> [GIVEN INFORMATION]:
---
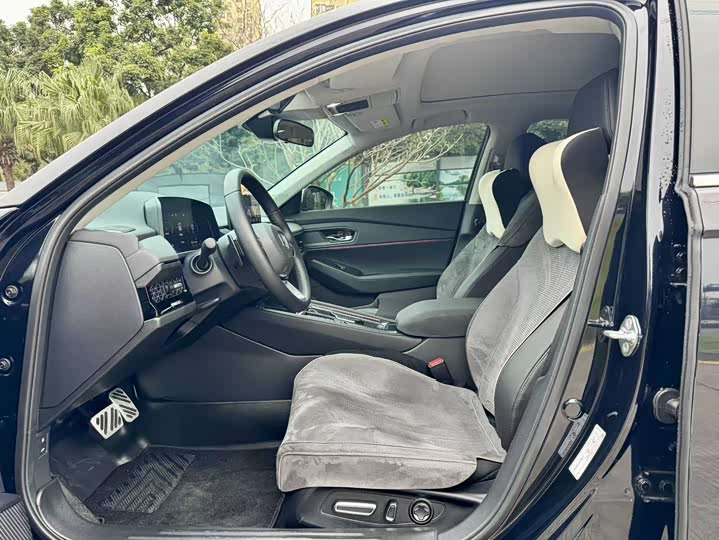 Honda Accord Hybrid 2023 2023款 2.0L e:PHEV 尊贵版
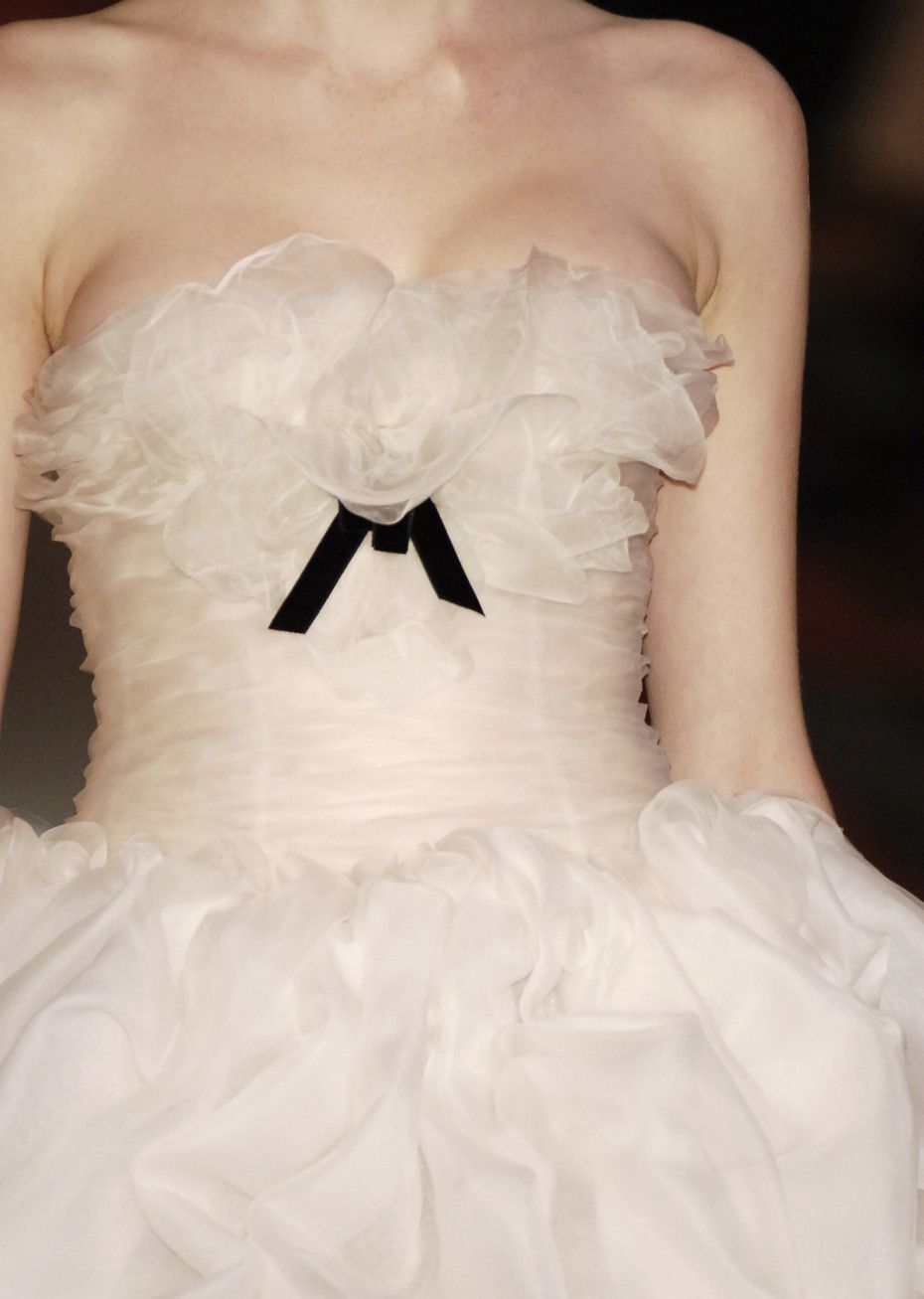 超美的外国模特穿婚纱走秀,宛如油画里走出来的人物一样美丽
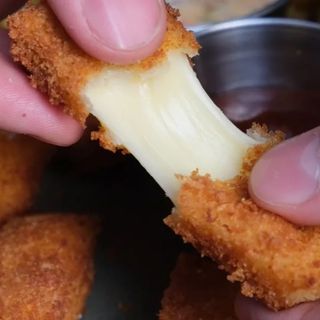 ყველის ჩხირები ფრი / Fried cheese sticks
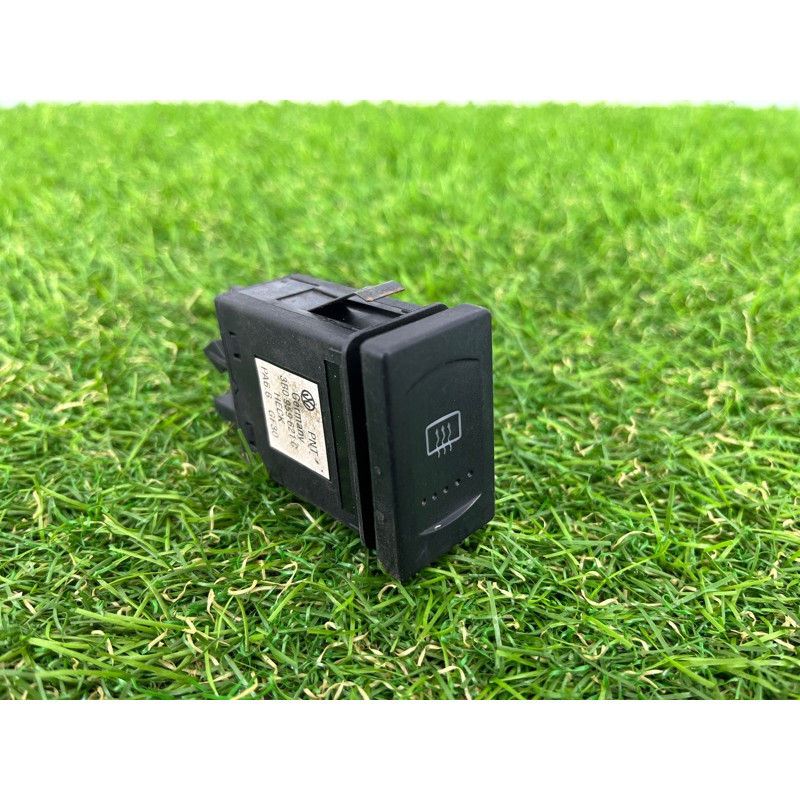 Кнопка подогрева заднего стекла (электрика / кнопки) Volkswagen Passat B5 2003 1.9 TDI 3B0959621C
---
> [WHAT TO WORK ON]:
Each line from the one holding "超美的外国模特穿婚纱走秀,宛如油画里走出来的人物一样美丽" through the final line of the data needs to be transcribed exactly. Include both ends, skip the pictures, and add nothing.

> [WRITTEN REPLY]:
 超美的外国模特穿婚纱走秀,宛如油画里走出来的人物一样美丽
 ყველის ჩხირები ფრი / Fried cheese sticks
 Кнопка подогрева заднего стекла (электрика / кнопки) Volkswagen Passat B5 2003 1.9 TDI 3B0959621C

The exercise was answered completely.